> **TASK ITEM**: Please output the records below in full, exactly as given, but without the images.
WORKING DATA START
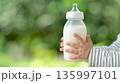 Mother or caregiver feeding infant with bottle in natural daylight at outdoor setting 135997101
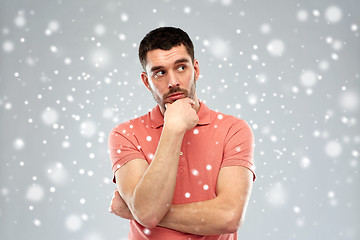 Image showing man thinking over snow background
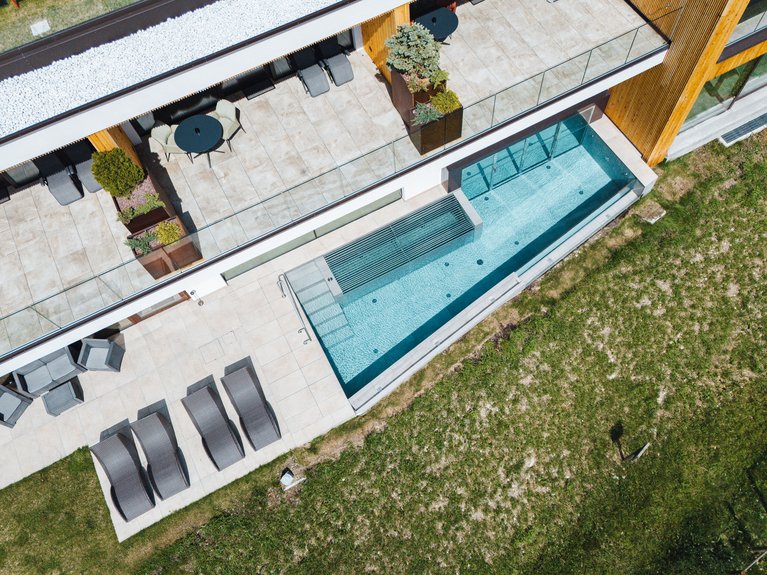 Hotel Latemar con vista sulle Dolomiti Terrazza moderna con lettini e piscina vicino a un edificio con struttura in legno.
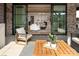 Relaxing outdoor patio with comfortable seating, wooden table and large sliding glass doors at 1214 S Kings Dr # A, Charlotte, NC 28207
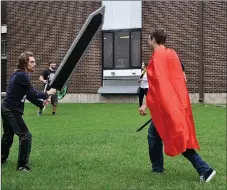  ?? RACHEL DICKERSON/MCDONALD COUNTY PRESS ?? Vincent Russo, left, and Levi Womack try their skill at LARPing on the lawn outside the McDonald County High School library during the library’s Comicon event. LARP stands for Live Action Role Play.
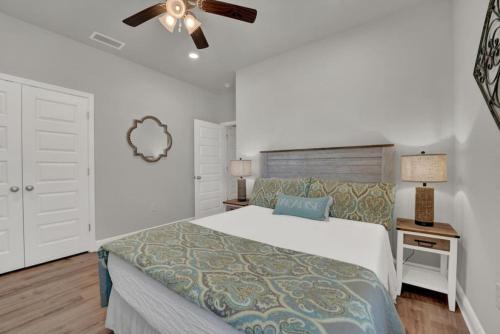 une chambre avec un lit et un ventilateur de plafond dans l'établissement Sea la Vie, à Saint Joe Beach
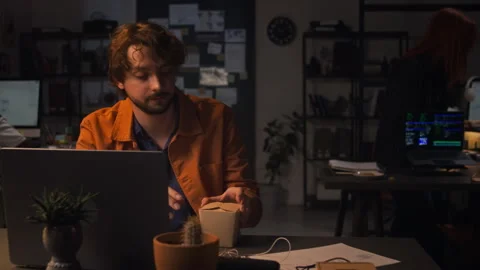 Man Working Late on Laptop in Office Opening Takeout Food Box Stock Footage 338417836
WORKING DATA END
> **OUTPUT OF THE TASK**:
 Mother or caregiver feeding infant with bottle in natural daylight at outdoor setting 135997101
 Image showing man thinking over snow background
 Hotel Latemar con vista sulle Dolomiti Terrazza moderna con lettini e piscina vicino a un edificio con struttura in legno.
 Relaxing outdoor patio with comfortable seating, wooden table and large sliding glass doors at 1214 S Kings Dr # A, Charlotte, NC 28207
  ?? RACHEL DICKERSON/MCDONALD COUNTY PRESS ?? Vincent Russo, left, and Levi Womack try their skill at LARPing on the lawn outside the McDonald County High School library during the library’s Comicon event. LARP stands for Live Action Role Play.
 une chambre avec un lit et un ventilateur de plafond dans l'établissement Sea la Vie, à Saint Joe Beach
 Man Working Late on Laptop in Office Opening Takeout Food Box Stock Footage 338417836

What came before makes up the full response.